** AIM OF THE TASK **
Output exactly the lines of the listing below that run from the line with "1-к квартира, посуточно, 37м2, 3/3 этаж" through the line with "DART EXPLORER photo". No pictures.

** RECORDS FOR THE TASK **
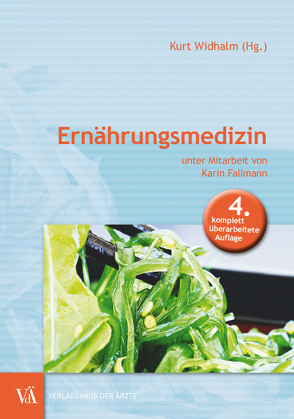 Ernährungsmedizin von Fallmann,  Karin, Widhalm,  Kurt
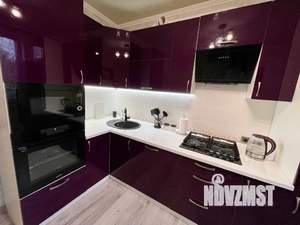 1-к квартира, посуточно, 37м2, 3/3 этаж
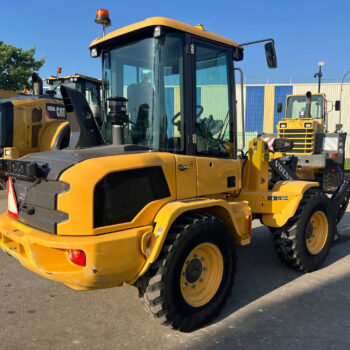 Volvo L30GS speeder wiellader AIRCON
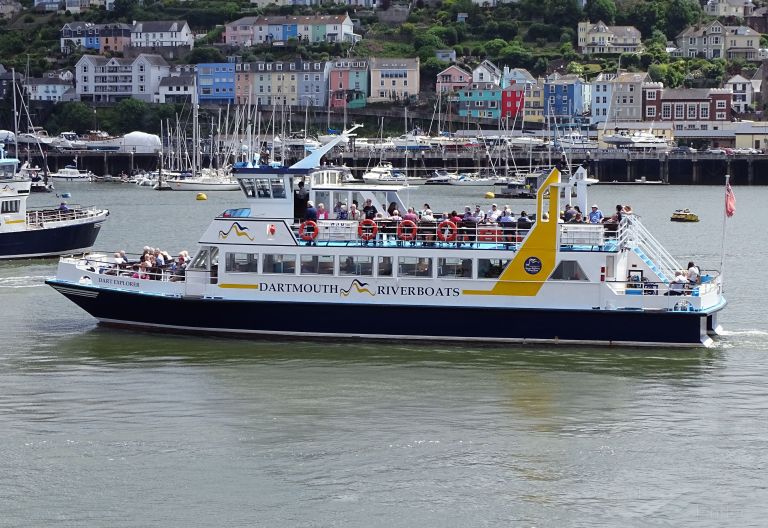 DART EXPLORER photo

--

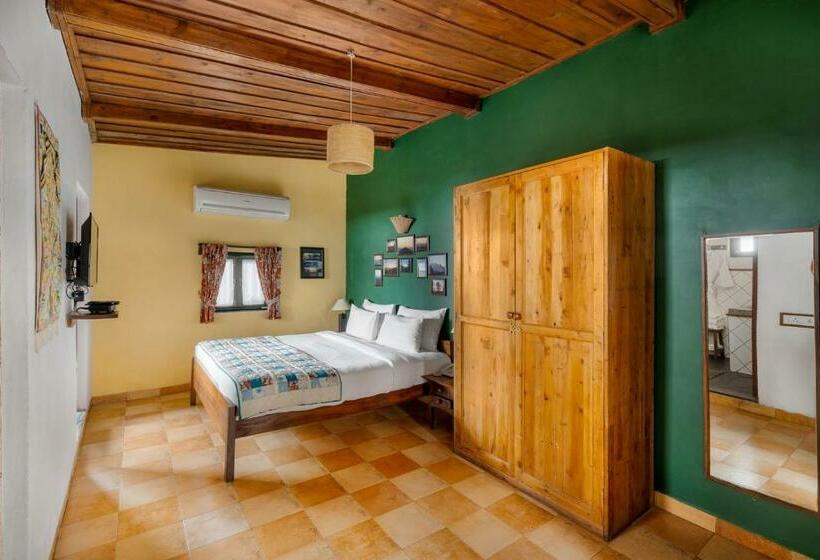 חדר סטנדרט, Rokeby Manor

** TASK OUTPUT **
 1-к квартира, посуточно, 37м2, 3/3 этаж
 Volvo L30GS speeder wiellader AIRCON
 DART EXPLORER photo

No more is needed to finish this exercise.